The slope of a line is a measure of its steepness and direction. It's a crucial concept when dealing with linear equations. To find the slope of a line, you need two points, often labeled as \((x_1, y_1)\) and \((x_2, y_2)\). The formula for calculating the slope \(m\) is:

• \( m = \frac{y_2 - y_1}{x_2 - x_1} \)

This formula provides the rate of change between the two points. In this exercise, we used the points \((-2,0)\) and \((1,1)\) to find a slope of \(\frac{1}{3}\).
An important aspect of slopes is understanding perpendicular lines. A line perpendicular to another will have a slope that is the negative reciprocal of the original line's slope.
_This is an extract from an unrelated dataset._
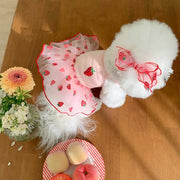 Floral Tulle Dog Dress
Given our initial slope \(\frac{1}{3}\), the perpendicular slope becomes \(-3\) because \(-3 \times \frac{1}{3} = -1\), demonstrating their perpendicular nature.

The point-slope form of a linear equation is useful for writing the equation of a line when you know its slope and a point on the line. It takes the form:

• \(y - y_1 = m(x - x_1)\)

Here, \((x_1, y_1)\) is any point on the line, and \(m\) is the slope. For the line we are dealing with, passing through the point \((4, -1)\) and having a slope of \(-3\), the equation becomes:
\(y + 1 = -3(x - 4)\).
This form makes it easy to start building the equation of the line. You simply plug in the values for the slope and the chosen point. From here, you can easily transform the equation into other forms like the slope-intercept form.

The standard form of a line is an organized way of writing a linear equation. It is expressed as:

• \(Ax + By = C\)

Where \(A\), \(B\), and \(C\) are integers, and \(A\) should be non-negative. From the point-slope form \(y + 1 = -3(x - 4)\), we first distribute and rearrange into a slope-intercept form \(y = -3x + 11\).
The next step is transforming this into standard form. We move \(-3x\) over to the same side as \(y\), yielding:

• \(3x + y = 11\)

This is our desired line equation in standard form, neatly organizing the terms.